Count the lines below that contain the word "Dachshund" and give only the number.

[Opening SOURCE DATA section]

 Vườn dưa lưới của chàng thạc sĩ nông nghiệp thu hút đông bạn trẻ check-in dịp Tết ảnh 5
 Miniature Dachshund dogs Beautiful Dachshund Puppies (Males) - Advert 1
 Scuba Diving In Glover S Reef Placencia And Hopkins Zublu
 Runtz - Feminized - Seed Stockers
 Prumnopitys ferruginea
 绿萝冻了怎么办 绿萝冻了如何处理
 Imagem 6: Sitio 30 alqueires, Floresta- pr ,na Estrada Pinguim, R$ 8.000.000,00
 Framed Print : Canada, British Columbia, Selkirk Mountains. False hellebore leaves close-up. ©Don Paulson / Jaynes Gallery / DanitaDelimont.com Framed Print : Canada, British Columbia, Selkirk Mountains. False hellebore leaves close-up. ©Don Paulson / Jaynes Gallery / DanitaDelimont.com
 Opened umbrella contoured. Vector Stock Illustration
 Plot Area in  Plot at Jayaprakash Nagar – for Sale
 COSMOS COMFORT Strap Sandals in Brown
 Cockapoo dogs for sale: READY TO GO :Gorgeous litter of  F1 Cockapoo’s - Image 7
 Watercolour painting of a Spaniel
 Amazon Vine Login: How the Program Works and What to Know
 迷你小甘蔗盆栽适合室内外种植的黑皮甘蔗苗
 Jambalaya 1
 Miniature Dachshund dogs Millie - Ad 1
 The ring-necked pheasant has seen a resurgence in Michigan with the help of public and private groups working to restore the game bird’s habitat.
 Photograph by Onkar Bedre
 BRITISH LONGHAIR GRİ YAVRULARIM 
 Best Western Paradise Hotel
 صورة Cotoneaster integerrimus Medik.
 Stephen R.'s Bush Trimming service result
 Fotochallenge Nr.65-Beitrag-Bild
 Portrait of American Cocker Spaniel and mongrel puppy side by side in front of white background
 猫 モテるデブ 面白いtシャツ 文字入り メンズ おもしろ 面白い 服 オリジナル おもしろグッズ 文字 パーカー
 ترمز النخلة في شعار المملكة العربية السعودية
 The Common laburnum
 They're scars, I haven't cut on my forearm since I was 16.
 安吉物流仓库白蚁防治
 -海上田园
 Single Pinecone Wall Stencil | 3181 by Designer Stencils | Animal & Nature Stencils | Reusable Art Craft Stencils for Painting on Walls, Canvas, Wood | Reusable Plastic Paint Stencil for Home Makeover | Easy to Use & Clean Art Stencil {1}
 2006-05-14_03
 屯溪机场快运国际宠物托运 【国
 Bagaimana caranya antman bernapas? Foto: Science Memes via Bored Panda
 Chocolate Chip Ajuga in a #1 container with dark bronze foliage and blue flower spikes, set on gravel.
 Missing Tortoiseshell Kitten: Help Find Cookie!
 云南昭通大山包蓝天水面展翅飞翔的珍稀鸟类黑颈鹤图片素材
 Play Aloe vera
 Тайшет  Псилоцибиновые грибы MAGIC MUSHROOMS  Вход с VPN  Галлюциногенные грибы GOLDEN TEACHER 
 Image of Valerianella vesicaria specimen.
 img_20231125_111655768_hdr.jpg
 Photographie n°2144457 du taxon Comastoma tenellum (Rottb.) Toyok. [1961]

[Closing SOURCE DATA section]

• WRITTEN REPLY: 2